I thought this was interesting as it is a G-scale manufacturer that has fallen but also one I had never heard of. I'll share more when I get the locomotive. Thanks for reading.

-Will


----------



## San Juan (Jan 3, 2008)

The 1989 Walthers catalog is probably the best source of photos and information about Great Trains. I still have mine.

Pictured on a couple of pages are Great Trains' single level passenger cars, F40s, Superliners, and a special Rio Grande set. Several photos are in color. The scale is 1/32 if you were not informed before. In addition to the above mentioned, there was an F unit too. However few seem to have been made, as I've only ever seen one photo.

Pretty nice equipment and the entire product line was american "modern" prototypes. This was somewhat rare in a "G" scale world then dominated by LGB. Most other american prototypes available at the time were heavily narrow gauge in flavor.

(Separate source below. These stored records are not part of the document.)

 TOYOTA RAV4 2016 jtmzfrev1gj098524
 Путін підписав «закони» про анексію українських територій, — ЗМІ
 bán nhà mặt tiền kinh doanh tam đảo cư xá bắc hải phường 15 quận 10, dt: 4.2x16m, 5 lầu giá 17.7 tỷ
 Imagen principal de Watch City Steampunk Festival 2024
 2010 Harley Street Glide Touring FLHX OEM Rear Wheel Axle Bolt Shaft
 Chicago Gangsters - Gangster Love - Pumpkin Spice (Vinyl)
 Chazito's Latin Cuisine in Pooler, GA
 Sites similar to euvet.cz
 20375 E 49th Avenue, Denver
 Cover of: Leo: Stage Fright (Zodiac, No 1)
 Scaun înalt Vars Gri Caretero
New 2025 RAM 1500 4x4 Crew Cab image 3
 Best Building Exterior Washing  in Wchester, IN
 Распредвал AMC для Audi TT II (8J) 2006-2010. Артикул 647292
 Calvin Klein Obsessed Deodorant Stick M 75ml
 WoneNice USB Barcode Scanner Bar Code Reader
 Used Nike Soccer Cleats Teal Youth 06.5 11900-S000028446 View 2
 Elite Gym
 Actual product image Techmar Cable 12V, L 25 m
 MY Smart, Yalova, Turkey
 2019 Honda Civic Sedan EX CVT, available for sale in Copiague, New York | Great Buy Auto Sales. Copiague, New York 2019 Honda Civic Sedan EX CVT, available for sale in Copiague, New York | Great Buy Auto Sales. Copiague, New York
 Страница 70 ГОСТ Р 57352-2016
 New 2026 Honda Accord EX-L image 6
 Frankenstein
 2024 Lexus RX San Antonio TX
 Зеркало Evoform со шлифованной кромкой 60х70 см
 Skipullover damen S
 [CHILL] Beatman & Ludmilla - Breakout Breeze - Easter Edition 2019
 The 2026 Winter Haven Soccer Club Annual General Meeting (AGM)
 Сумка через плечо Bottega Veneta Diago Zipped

Too bad Great Trains couldn't make it. I think they were slightly ahead of their time.


----------



## Spule 4 (Jan 2, 2008)

The fallen G scale mfgr list is much longer than the living one unfortunately Will.....


----------



## pimanjc (Jan 2, 2008)

Too bad someone doesn't take one of the superliners and use it to mold replacement bodies. If I had the basic body, I bet windows and trucks could be added. They would look great behind my Genisis.


JimC.


----------



## N1CW (Jan 3, 2008)

*Will*
*Congrads on the Conrail (despite you bidding against me







)*

*Here is two MLS posting thread about the F40 and other GT's units.*
*
GT_Link**1

* *GT_Link2*


* Matt Here is an MLS posting thread with the Great Trains F-7

GT_Link3
*


----------



## East Broad Top (Dec 29, 2007)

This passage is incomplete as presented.